About this exercise
Instruction for the entries below: return the part that opens with the line containing "Milf with a" and closes with the line containing "Snapshot of PARI_Hun", exactly, and no pictures.

====== Records supplied

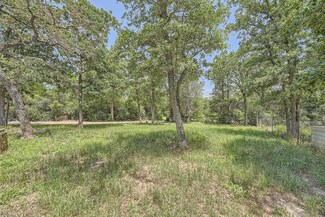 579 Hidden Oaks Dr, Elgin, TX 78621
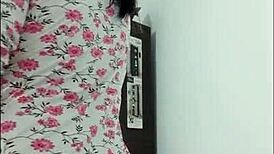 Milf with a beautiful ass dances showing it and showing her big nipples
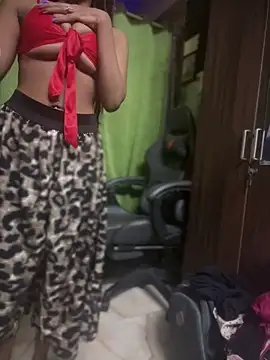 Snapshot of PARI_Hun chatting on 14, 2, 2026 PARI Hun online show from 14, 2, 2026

============
====== Records supplied

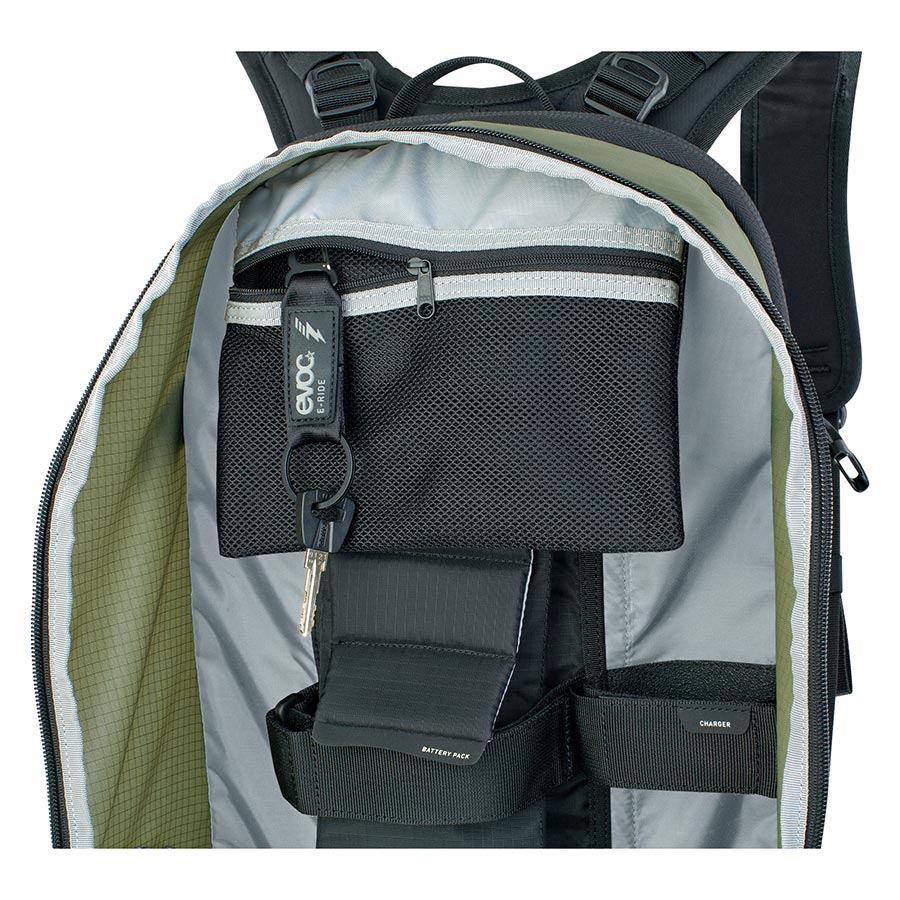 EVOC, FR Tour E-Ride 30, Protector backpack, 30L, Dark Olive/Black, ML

============
====== Records supplied

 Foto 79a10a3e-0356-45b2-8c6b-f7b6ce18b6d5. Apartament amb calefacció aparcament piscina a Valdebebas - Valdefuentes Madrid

============

Completed exercise
 Milf with a beautiful ass dances showing it and showing her big nipples
 Snapshot of PARI_Hun chatting on 14, 2, 2026 PARI Hun online show from 14, 2, 2026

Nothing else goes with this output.